Vedran Čačić added the comment:

Sorry, this seems like a classical example of "When all you have is a hammer, 
everything looks like a nail. Then, when you learn of a screwdriver, you 
suddenly see half of these nails as screws, completely ignoring there are other 
tools besides those two."

In fact, enumerate is _not_ the good choice in most of those cases, as the 
comments show. One should use zip, another should use ordinary iteration 
because the index isn't needed at all, and yet another should probably stay as 
it is, since that way it's more obvious that we're transforming each item in 
place. [When LHS is consts[i] and right is const, it's not easy to see they 
refer to the same place.]

Even the fourth I would argue is more readable in the current form, for a 
similar reason: when you base the decision on words[i], and the decision is to 
del words[i:], it's obvious you delete "it and everything after". Not so much 
in the "refactored" code.

Please don't do such things.

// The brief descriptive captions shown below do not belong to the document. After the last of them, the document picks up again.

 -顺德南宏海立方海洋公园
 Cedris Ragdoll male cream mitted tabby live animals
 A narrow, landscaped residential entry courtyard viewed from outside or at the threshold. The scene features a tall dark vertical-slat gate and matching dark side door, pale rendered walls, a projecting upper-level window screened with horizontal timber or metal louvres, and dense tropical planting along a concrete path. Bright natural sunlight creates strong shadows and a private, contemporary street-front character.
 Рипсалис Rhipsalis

One of Python's great strengths, especially in 
stdlib, is code stability. The only reason we're able to get anything done is 
that we have (or at least used to have) a great policy referred to in 
https://bugs.python.org/issue31417#msg301879, so we don't lose ourselves in 
enormous bikeshedding about how to best use the enormous expressivity of Python 
to write the code that works perfectly fine in some slightly different way.